In addition to scores, SPRS captures metadata, such as assessment dates and POA&M completion, which acquisition officials consider alongside numerical scores when evaluating supplier cybersecurity posture.

While SPRS provides a structured framework for tracking performance and cybersecurity compliance, accurately reporting and maintaining these records presents ongoing operational challenges for contractors.

Operational Challenges in Accurate SPRS Scoring

Defense contractors face persistent operational barriers when reporting cybersecurity posture through SPRS mechanisms. Despite expanded DoD guidance and automation efforts, accurately capturing and maintaining scores remains challenging.

While self-assessments may identify many deficiencies internally, third-party C3PAO evaluations often uncover documentation or technical gaps that internal reviews overlook, requiring objective verification and remediation. For contractors pursuing third-party certification, additional challenges include coordinating evidence reviews, maintaining consistent control implementation across business units, and responding to assessor findings during the remediation window. These implementation difficulties can lead to compliance deficiencies, contract disqualification, or potential legal liability.

Below are notable pain points:


1. Incomplete or outdated System Security Plans (SSP)

SSPs serve as foundational evidence. Common deficiencies include outdated or incomplete control descriptions, missing system boundaries, or absent evidence of implementation. Because DoD assessors validate SSP-described controls against actual practice, SSP shortcomings surface during assessments (CMMC Assessment Guide Level 2 v2.13).

2. Limited internal expertise for accurate scoring

Small and medium contractors often lack dedicated cybersecurity and DoD-assessment expertise, making accurate interpretation of NIST SP 800-171 and SPRS scoring difficult. Industry guidance and DoD small-business outreach resources confirm that limited internal capability is a major readiness barrier (DoD; Defense.GOV).

3. Failure to track POA&M remediation timelines

DoD guidance ties conditional status to documented POA&Ms and expects timely remediation of deficiencies.
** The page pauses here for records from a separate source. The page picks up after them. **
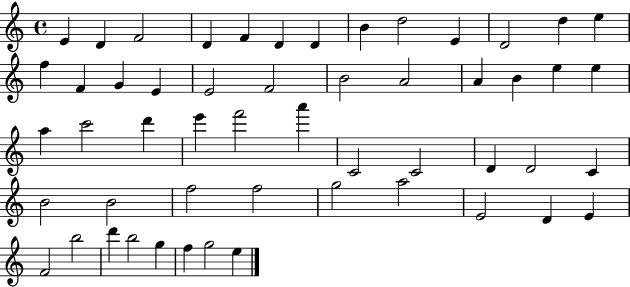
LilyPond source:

{
  \clef treble
  \time 4/4
  \defaultTimeSignature
  \key c \major
  e'4 d'4 f'2 | d'4 f'4 d'4 d'4 | b'4 d''2 e'4 | d'2 d''4 e''4 | \break f''4 f'4 g'4 e'4 | e'2 f'2 | b'2 a'2 | a'4 b'4 e''4 e''4 | \break a''4 c'''2 d'''4 | e'''4 f'''2 a'''4 | c'2 c'2 | d'4 d'2 c'4 | \break b'2 b'2 | f''2 f''2 | g''2 a''2 | e'2 d'4 e'4 | \break f'2 b''2 | d'''4 b''2 g''4 | f''4 g''2 e''4 | \bar "|."
}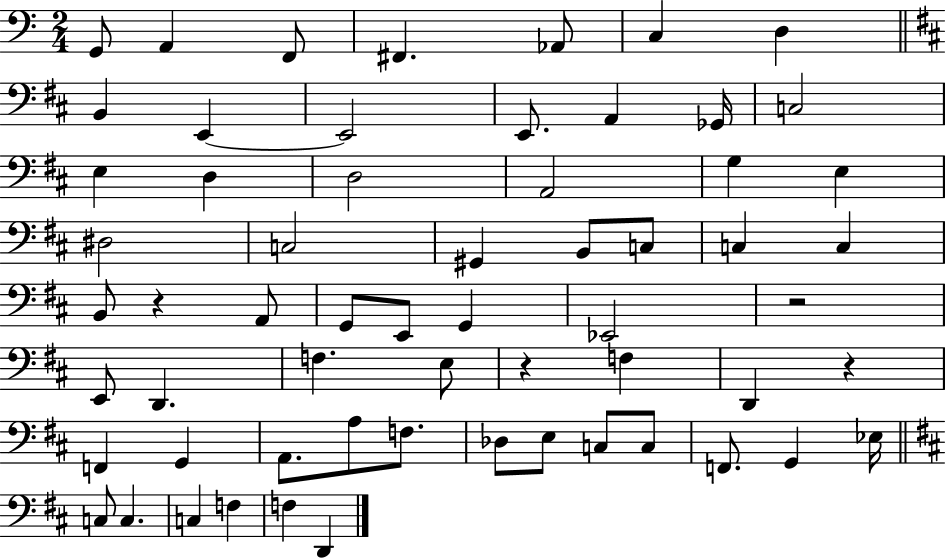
G2/e A2/q F2/e F#2/q. Ab2/e C3/q D3/q B2/q E2/q E2/h E2/e. A2/q Gb2/s C3/h E3/q D3/q D3/h A2/h G3/q E3/q D#3/h C3/h G#2/q B2/e C3/e C3/q C3/q B2/e R/q A2/e G2/e E2/e G2/q Eb2/h R/h E2/e D2/q. F3/q. E3/e R/q F3/q D2/q R/q F2/q G2/q A2/e. A3/e F3/e. Db3/e E3/e C3/e C3/e F2/e. G2/q Eb3/s C3/e C3/q. C3/q F3/q F3/q D2/q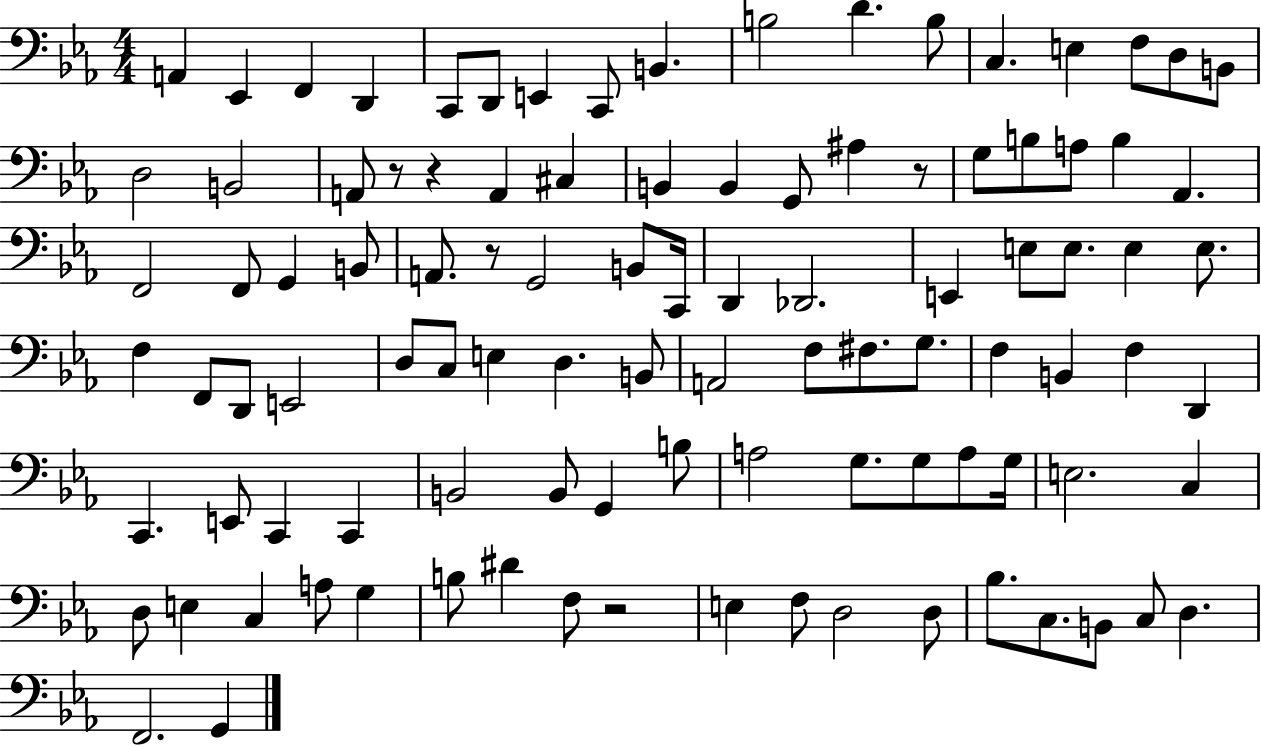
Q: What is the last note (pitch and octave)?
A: G2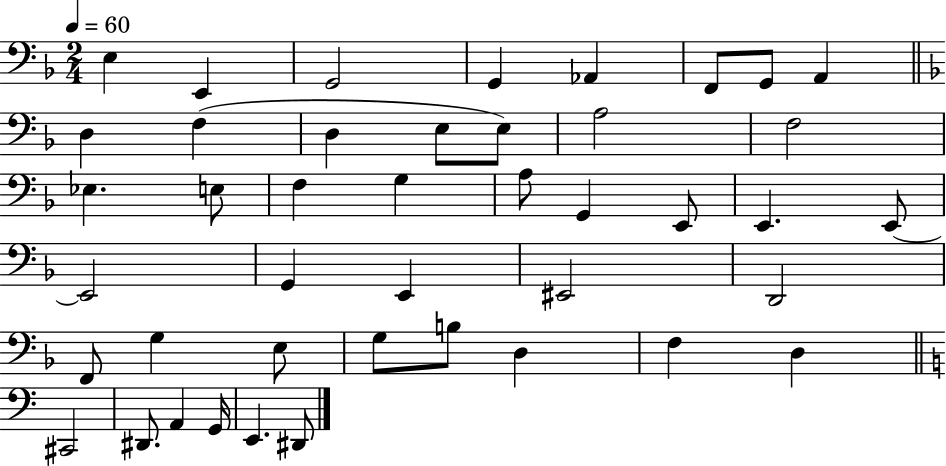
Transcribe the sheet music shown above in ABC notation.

X:1
T:Untitled
M:2/4
L:1/4
K:F
E, E,, G,,2 G,, _A,, F,,/2 G,,/2 A,, D, F, D, E,/2 E,/2 A,2 F,2 _E, E,/2 F, G, A,/2 G,, E,,/2 E,, E,,/2 E,,2 G,, E,, ^E,,2 D,,2 F,,/2 G, E,/2 G,/2 B,/2 D, F, D, ^C,,2 ^D,,/2 A,, G,,/4 E,, ^D,,/2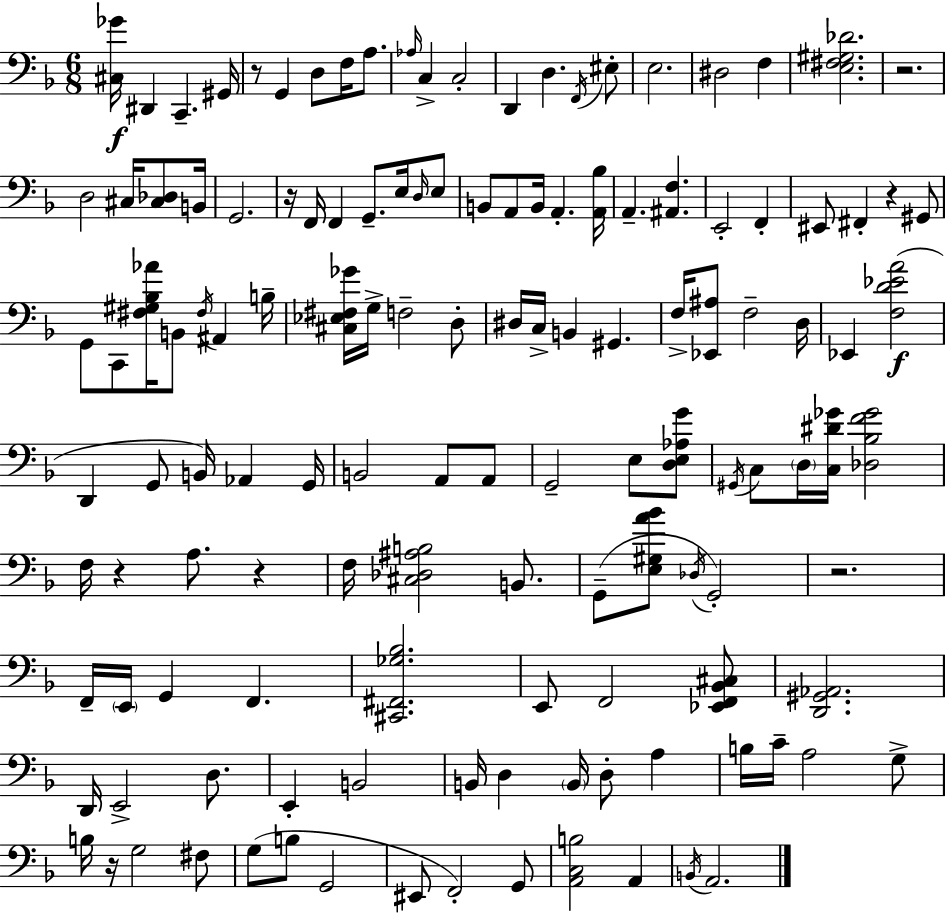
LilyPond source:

{
  \clef bass
  \numericTimeSignature
  \time 6/8
  \key f \major
  <cis ges'>16\f dis,4 c,4.-- gis,16 | r8 g,4 d8 f16 a8. | \grace { aes16 } c4-> c2-. | d,4 d4. \acciaccatura { f,16 } | \break eis8-. e2. | dis2 f4 | <e fis gis des'>2. | r2. | \break d2 cis16 <cis des>8 | b,16 g,2. | r16 f,16 f,4 g,8.-- e16 | \grace { d16 } e8 b,8 a,8 b,16 a,4.-. | \break <a, bes>16 a,4.-- <ais, f>4. | e,2-. f,4-. | eis,8 fis,4-. r4 | gis,8 g,8 c,8 <fis gis bes aes'>16 b,8 \acciaccatura { fis16 } ais,4 | \break b16-- <cis ees fis ges'>16 g16-> f2-- | d8-. dis16 c16-> b,4 gis,4. | f16-> <ees, ais>8 f2-- | d16 ees,4 <f d' ees' a'>2(\f | \break d,4 g,8 b,16) aes,4 | g,16 b,2 | a,8 a,8 g,2-- | e8 <d e aes g'>8 \acciaccatura { gis,16 } c8 \parenthesize d16 <c dis' ges'>16 <des bes f' ges'>2 | \break f16 r4 a8. | r4 f16 <cis des ais b>2 | b,8. g,8--( <e gis a' bes'>8 \acciaccatura { des16 }) g,2-. | r2. | \break f,16-- \parenthesize e,16 g,4 | f,4. <cis, fis, ges bes>2. | e,8 f,2 | <ees, f, bes, cis>8 <d, gis, aes,>2. | \break d,16 e,2-> | d8. e,4-. b,2 | b,16 d4 \parenthesize b,16 | d8-. a4 b16 c'16-- a2 | \break g8-> b16 r16 g2 | fis8 g8( b8 g,2 | eis,8 f,2-.) | g,8 <a, c b>2 | \break a,4 \acciaccatura { b,16 } a,2. | \bar "|."
}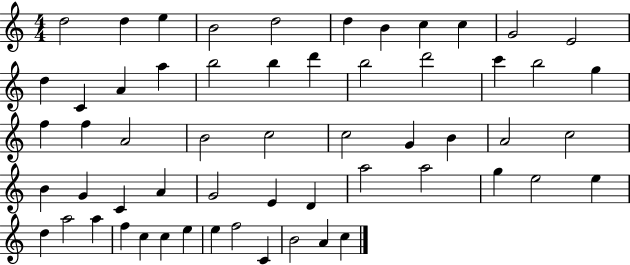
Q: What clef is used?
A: treble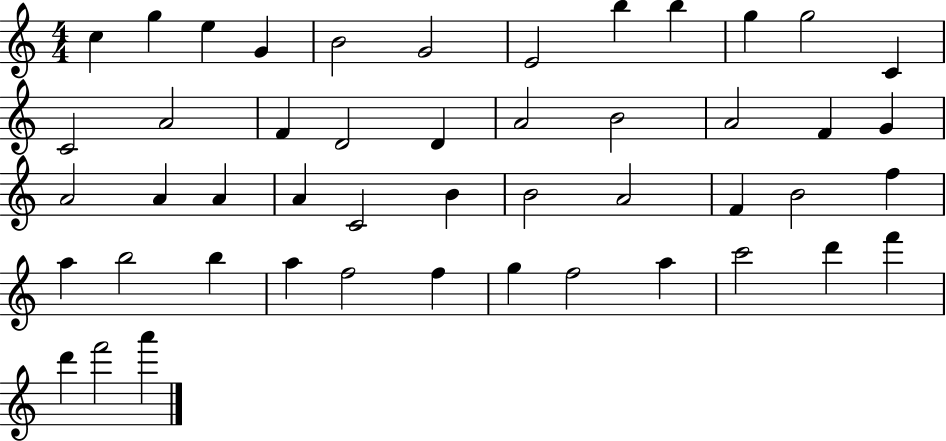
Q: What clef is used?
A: treble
Contractors that fail to maintain POA&M discipline risk losing certification or contract eligibility.

Together, these operational challenges can result in inaccurate self-attestations, exposing the organization to serious legal and contractual consequences.

Legal and Operational Risks of Inaccurate SPRS Reporting

Inaccurate or exaggerated SPRS self-assessments expose organizations to both legal and operational risks, including False Claims Act (FCA) liability, contract ineligibility, potential suspension or debarment.

Both self-assessment and third-party verification data must now be entered into SPRS. Under DFARS 252.204-7020 and the 2025 final rule, each contractor’s assessment, whether internally completed or validated by a C3PAO, receives a unique identifier (UID) used by contracting officers to verify compliance before award. Misstatements tied to these UIDs may be considered material to DoD’s payment decisions.

Legal Accountability and Executive Attestation Under the False Claims Act

The Department of Justice’s Civil Cyber-Fraud Initiative has pursued multiple enforcement actions against defense contractors that misrepresented compliance or inflated SPRS scores. Under the False Claims Act (31 U.S.C. §3729 et seq.), violators may face treble damages and statutory penalties. For example:

  • Raytheon Technologies (RTX) paid $8.3 million following a whistleblower complaint about cybersecurity misrepresentations (OPA, 2025).
  • MORSE Corporation paid $4.6 million to resolve allegations of false SPRS scoring (OPA, 2025).
  • Higher-education contractors and others have likewise reached settlements resolving FCA allegations tied to cybersecurity non-compliance. For instance, The Pennsylvania State University agreed to pay $1.25 million in 2024 to resolve related allegations (OPA, 2024).

Each contractor must also ensure that the Affirming Official (AO), typically a senior company executive, signs off that the SPRS assessment is accurate and complete. False affirmations may trigger FCA liability (SPRS; SMITHERS).

Impact of expired or missing SPRS entries on contract eligibility

Beyond legal exposure, inaccurate or expired SPRS entries can directly affect contract eligibility and award timelines. Beginning November 10, 2025, contracting officers will be required to verify contractors’ SPRS assessment scores before award or renewal, in accordance with DFARS 252.204-7019 and associated rules. Organizations without a current and validated SPRS entry may be deemed ineligible for new contracts, and existing awards may be delayed or suspended pending compliance verification (Federal Register, 2024; Acquisition.GOV).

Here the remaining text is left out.